J'ai dans mon environnement proche une responsable du service de documentation d'un grand lycée de province. Discussion d'arrivée, hier soir, autour des péripéties du quotidien. Quelques questions posées sur les échos au niveau de son établissement des dossiers en cours, réforme du baccalauréat, rapport Villani-Torossian et laboratoires de mathématiques, changement de direction à la tête de l'IH2EF (Institut des hautes études de l'éducation et de la formation très impliqué dans la formation des chefs d'établissement (source Ministère de l'Education: ) : Créé en décembre 2018, l'Institut des hautes études de l'éducation et de la formation (IH2EF) a pour mission principale la conception, le pilotage et la mise en œuvre de la formation des personnels du ministère de l'Éducation nationale et de la Jeunesse et du ministère de l'Enseignement supérieur, de la Recherche et de l'Innovation. Il propose chaque année un cycle d'auditeurs donnant à voir le fonctionnement du système éducatif français et à saisir l'enjeu des réformes. Il succède à l'École supérieure de l'éducation nationale, de l'enseignement supérieur et de la recherche (ESENESR).

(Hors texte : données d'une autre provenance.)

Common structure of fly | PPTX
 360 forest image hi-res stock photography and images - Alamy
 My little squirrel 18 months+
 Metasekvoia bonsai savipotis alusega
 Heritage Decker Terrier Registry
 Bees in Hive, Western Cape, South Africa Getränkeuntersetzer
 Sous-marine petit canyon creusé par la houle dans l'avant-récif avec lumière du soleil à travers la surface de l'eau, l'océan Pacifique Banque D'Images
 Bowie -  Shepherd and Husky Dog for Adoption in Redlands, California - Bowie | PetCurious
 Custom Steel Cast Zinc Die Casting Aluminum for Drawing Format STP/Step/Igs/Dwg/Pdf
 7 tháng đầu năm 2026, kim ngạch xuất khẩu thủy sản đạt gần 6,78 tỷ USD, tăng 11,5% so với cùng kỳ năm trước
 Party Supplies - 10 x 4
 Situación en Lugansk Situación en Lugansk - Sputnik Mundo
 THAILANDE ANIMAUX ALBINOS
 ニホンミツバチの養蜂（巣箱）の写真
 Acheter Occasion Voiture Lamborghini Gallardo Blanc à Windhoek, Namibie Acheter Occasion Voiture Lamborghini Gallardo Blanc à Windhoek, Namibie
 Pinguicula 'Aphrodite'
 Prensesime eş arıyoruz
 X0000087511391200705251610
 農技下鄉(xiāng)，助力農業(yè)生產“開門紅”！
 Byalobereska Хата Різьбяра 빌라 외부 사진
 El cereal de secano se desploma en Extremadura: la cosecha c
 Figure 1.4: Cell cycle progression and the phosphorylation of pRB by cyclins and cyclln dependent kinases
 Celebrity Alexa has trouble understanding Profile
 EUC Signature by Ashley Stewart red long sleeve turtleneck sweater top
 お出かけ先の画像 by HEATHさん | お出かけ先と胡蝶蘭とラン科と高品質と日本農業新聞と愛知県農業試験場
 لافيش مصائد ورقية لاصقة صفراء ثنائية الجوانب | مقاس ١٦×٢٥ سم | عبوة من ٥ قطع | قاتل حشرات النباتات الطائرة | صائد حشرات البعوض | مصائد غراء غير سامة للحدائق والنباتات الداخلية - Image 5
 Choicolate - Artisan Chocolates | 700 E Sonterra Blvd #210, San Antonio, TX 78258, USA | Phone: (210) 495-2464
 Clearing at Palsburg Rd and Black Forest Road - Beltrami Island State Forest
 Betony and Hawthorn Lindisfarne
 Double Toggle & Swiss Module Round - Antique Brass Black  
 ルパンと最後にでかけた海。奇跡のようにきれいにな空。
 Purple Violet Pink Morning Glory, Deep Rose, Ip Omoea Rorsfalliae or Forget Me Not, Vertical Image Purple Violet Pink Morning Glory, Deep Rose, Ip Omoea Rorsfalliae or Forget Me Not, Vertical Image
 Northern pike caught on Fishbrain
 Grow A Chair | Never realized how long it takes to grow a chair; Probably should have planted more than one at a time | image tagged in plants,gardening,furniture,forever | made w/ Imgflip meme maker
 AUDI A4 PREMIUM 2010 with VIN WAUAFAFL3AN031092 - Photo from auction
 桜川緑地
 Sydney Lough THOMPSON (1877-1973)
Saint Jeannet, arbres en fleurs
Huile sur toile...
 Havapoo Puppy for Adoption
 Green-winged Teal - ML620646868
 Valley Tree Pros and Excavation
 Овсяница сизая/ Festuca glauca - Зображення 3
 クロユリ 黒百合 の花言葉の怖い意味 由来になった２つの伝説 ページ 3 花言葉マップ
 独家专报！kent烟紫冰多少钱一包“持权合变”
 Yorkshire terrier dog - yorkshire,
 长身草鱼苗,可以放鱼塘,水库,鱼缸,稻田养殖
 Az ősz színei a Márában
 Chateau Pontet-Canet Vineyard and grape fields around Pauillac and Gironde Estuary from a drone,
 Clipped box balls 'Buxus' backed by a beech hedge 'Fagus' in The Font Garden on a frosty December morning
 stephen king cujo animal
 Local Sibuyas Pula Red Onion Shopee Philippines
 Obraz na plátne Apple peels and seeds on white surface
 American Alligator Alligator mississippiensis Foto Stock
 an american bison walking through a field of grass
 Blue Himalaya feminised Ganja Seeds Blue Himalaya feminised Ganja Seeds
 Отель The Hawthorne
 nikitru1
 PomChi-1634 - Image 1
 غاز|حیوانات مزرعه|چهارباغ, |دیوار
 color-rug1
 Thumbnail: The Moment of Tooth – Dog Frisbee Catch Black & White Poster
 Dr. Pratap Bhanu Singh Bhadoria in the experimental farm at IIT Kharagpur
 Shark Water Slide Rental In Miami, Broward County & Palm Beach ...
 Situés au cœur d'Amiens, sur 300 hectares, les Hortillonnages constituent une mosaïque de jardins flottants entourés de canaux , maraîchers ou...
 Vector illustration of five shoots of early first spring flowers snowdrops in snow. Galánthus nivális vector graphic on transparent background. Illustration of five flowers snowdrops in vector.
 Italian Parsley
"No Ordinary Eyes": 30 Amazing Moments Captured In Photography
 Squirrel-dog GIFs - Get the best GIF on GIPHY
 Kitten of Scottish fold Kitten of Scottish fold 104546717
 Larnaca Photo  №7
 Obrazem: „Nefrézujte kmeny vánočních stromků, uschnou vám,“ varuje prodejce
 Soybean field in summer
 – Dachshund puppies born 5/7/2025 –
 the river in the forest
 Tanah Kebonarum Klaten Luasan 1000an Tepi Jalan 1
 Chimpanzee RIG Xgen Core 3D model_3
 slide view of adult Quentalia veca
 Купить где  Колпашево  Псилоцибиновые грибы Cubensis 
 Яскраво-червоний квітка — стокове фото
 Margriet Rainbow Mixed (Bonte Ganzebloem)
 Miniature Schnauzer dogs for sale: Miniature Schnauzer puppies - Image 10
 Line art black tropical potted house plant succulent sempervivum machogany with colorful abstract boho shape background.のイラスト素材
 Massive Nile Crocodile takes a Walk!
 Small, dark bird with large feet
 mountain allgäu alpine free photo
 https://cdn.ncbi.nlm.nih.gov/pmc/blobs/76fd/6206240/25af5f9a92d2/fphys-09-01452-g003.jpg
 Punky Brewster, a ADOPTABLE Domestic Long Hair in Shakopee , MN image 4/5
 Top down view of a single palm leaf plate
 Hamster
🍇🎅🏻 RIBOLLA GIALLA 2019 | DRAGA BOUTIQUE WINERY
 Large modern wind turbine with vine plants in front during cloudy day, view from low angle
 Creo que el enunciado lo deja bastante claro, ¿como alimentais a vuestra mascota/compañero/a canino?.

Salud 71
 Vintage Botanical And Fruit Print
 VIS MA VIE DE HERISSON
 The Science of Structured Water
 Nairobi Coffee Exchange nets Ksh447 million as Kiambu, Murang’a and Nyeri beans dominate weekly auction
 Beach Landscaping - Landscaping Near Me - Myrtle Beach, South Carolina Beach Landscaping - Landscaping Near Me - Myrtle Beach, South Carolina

La réforme en cours affole les professeurs, en particulier de lettres, des classes de première avec des rumeurs absurdes (?) sur une session 2020 qui serait "donnée à tout le monde" pour éviter aux redoublants de se retrouver en 2020-2021 avec un handicap irrattrapable dû aux changements (!!); rapport Villani-Torossian inconnu; jamais entendu parler de laboratoire de mathématiques. Quant à l'IH2EF: Qu'est-ce que c'est? Edifiant. La communication interne du Ministère autour de ses "grandes actions" est au top!
Comment sortir de là? Les responsables seraient bien inspirés de réfléchir à deux films récents qui posent, le premier directement, le second par détour, le problème de fond : La vie scolaire (Grand corps malade et Mehdi Idir) et Les misérables (Ladj Ly). Emmanuel Macron a paraît-il été bouleversé par le second. Belle découverte! Il ferait bien de voir aussi le premier avec JM Blanquer et d'en tirer quelques conséquences efficaces.
La vocation de l'école est de regarder de ce côté là. Quel gâchis!